WPA is brewed with a field of flowers. These botanicals give our pale ale a depth and balance as they combine with bright, citrusy hops and just enough maltiness. Let’s get to know the main players.
This is probably the most familiar of WPA’s botanicals, as it’s considered by many gardening experts to be among the easiest and most versatile flowers to grow. Marigolds tolerate most soils and are found the world-over, from South America to South Africa to Nepal, where they're known as the hundred-leafed flower. In ancient Greek, Roman, Middle Eastern, and Indian cultures, they were used as a medicinal herb, as well as a dye. And just in case you were wondering, marigold seeds look like bones from some long-extinct creature.
Elderflower is part of the Sambucus genus, which contains many species. We use Sambucus Nigra in WPA—more commonly referred to as elderberry or black elder—which is most often used medicinally to treat respiratory, gastrointestinal, and skin disorders, as well as viral infections, fever, colds, and influenza.
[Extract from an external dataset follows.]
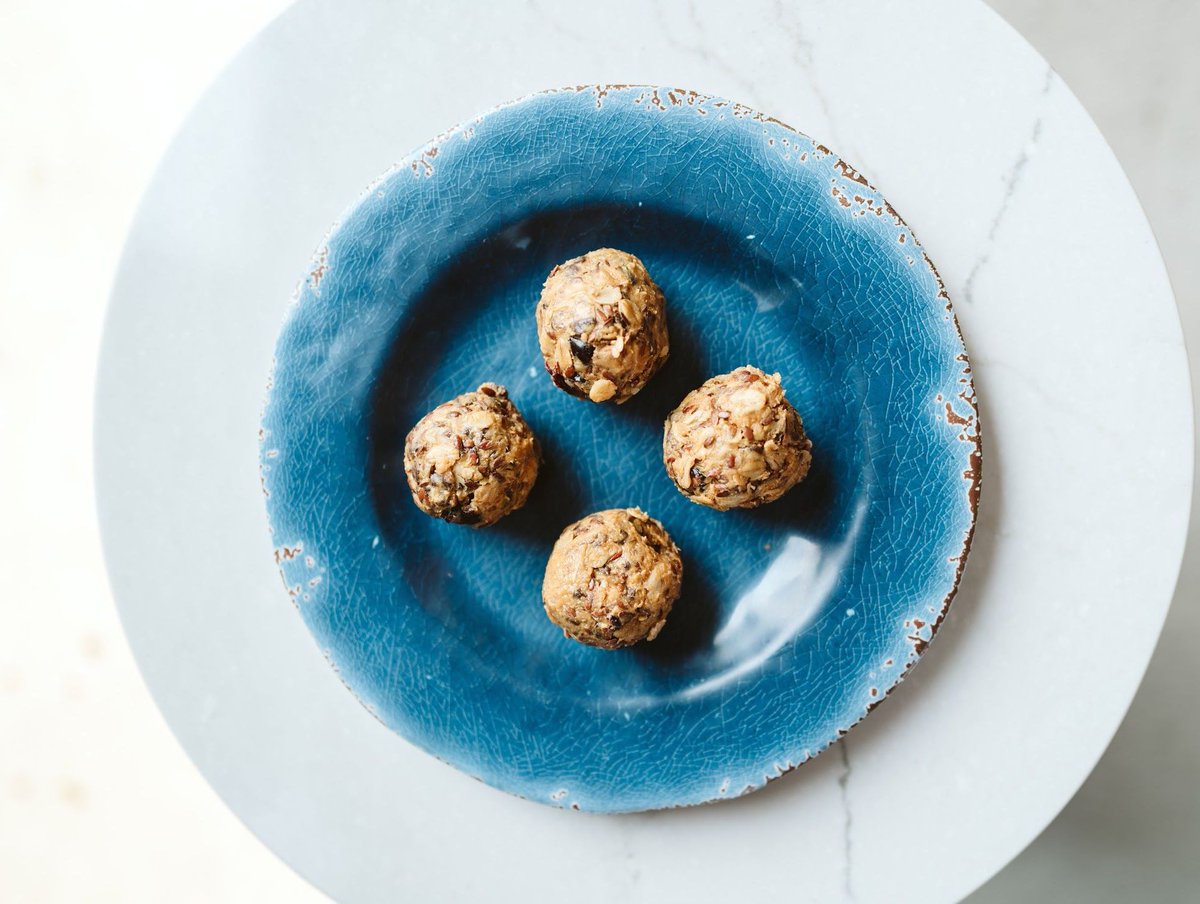 Start your week off right with some of our house-made protein bites!
_ 
Made with old-fashioned oats, flax seeds, chocolate chips, craisins, shredded coconut, honey, and peanut butter. They are the perfect pick-me-up snack!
While we only use the flower when brewing, the ripe berries can be used for syrups, jam, brandy, and wine. That said, unripened berries can be mildly poisonous, so look alive. And #protip: due to its strong-smelling foliage, they used to tie elderflower to a horse's mane to keep flies away while riding.
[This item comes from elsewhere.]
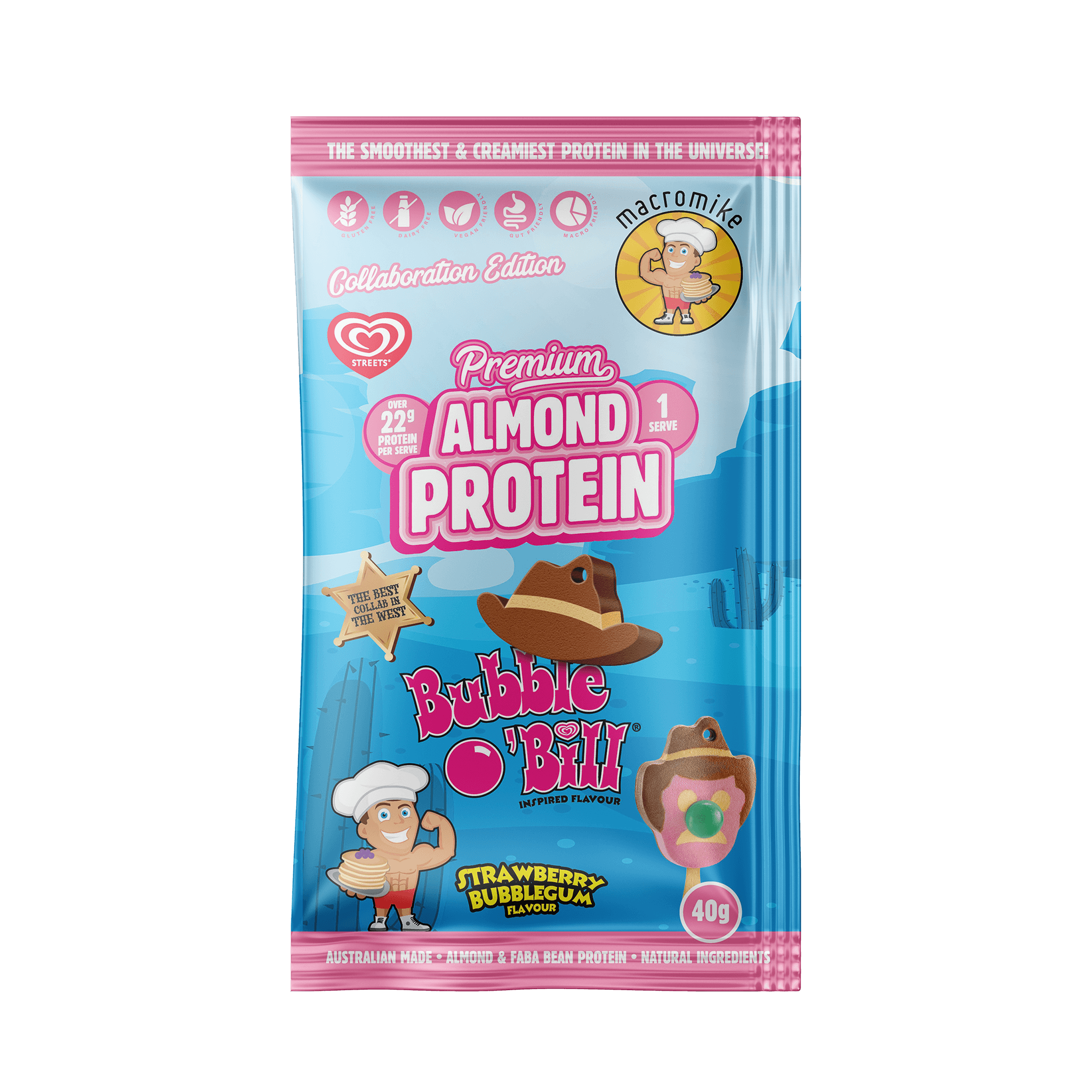 Macro Mike x Streets Strawberry Bubblegum Bubble O'Bill Premium Almond Protein (40g Sachet)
And perhaps the most obscure of the bunch: Sweet Osmanthus, a shrub or small tree native to Asia. The flowers come in several different colors and because of their incredible fragrance, the plant is often used ornamentally. It's also heavily used in Chinese cuisine to make everything from tea and liquor to sweet cakes, dumplings, and soup. And, in our case, beer! In Chinese mythology, it was believed a self-healing sweet osmanthus tree grew on the moon and had to be continuously prunned by Wu Gang as divine punishment—a sort of Chinese Sisyphus.